The Fund intends to qualify as regulated investment company under Subchapter M of the Internal Revenue Code of 1986, as amended (the “Code”), which requires compliance with certain requirements concerning the sources of its income, diversification of its assets, and the amount and timing of its distributions to shareholders. Such qualification does not involve supervision of management or investment practices or policies by any government agency or bureau. By so qualifying, the Fund should not be subject to federal income or excise tax on its net investment income or net capital gain, which are distributed to shareholders in accordance with the applicable timing requirements. Net investment income and net capital gain of the Fund will be computed in accordance with Section 852 of the Code. Net investment income is made up of dividends and interest less expenses. Net capital gain for a fiscal year is computed by taking into account any capital loss carry forward of the Fund.

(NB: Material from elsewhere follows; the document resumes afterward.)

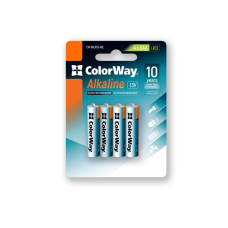 Батарейка ColorWay Alkaline Power AAA/LR03 BL 4шт
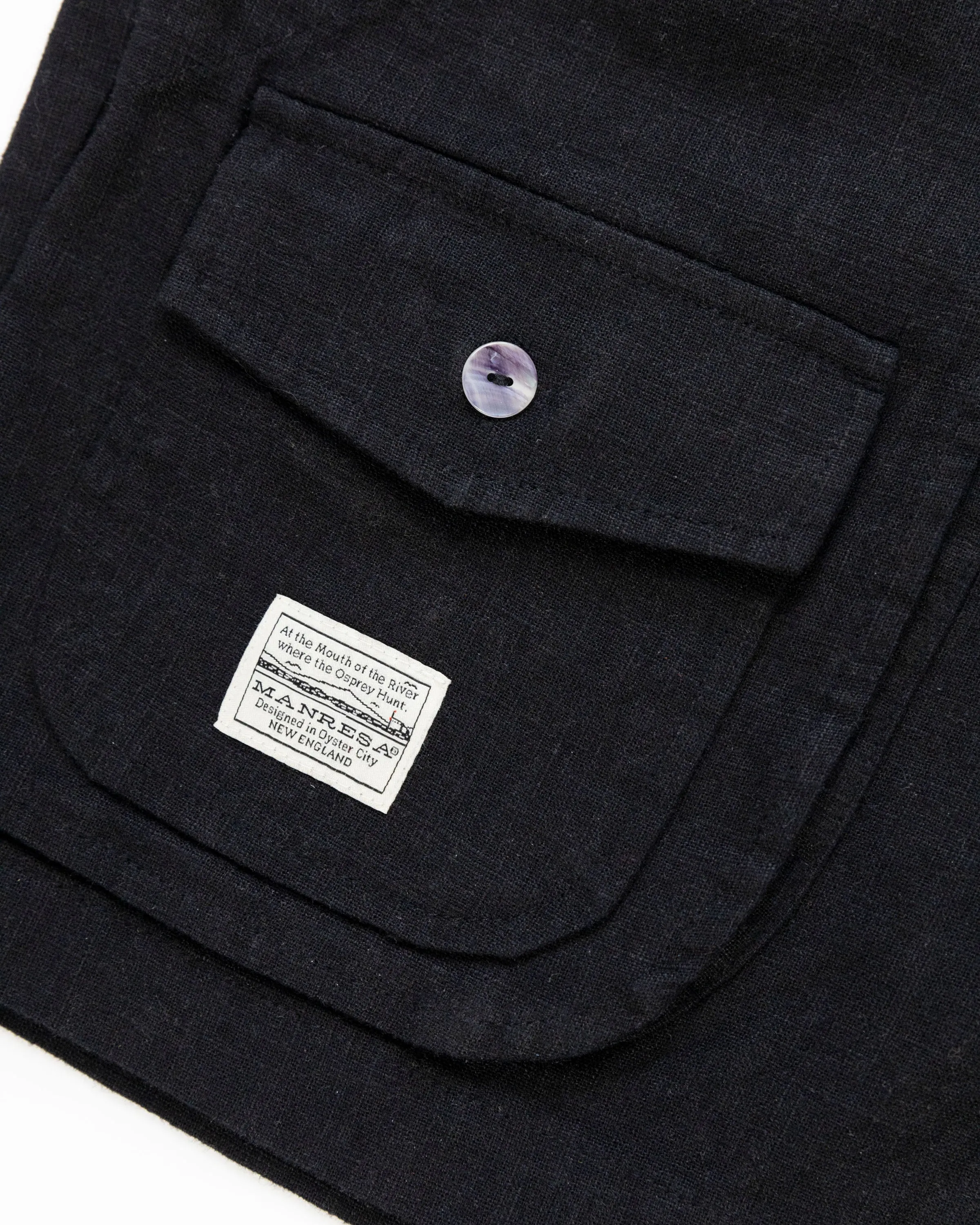 The Ram Island Short in Black sold by Manresa product image thumbnail 3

The Fund intends to distribute all of its net investment income, any excess of net short-term capital gains over net long-term capital losses, and any excess of net long-term capital gains over net short-term capital losses in accordance with the timing requirements imposed by the Code and therefore should not be required to pay any federal income or excise taxes. Distributions of net investment income will be made quarterly and net capital gain will be made after the end of each fiscal year, and no later than December 31 of each year. Both types of distributions will be in shares of the Fund unless a shareholder elects to receive cash.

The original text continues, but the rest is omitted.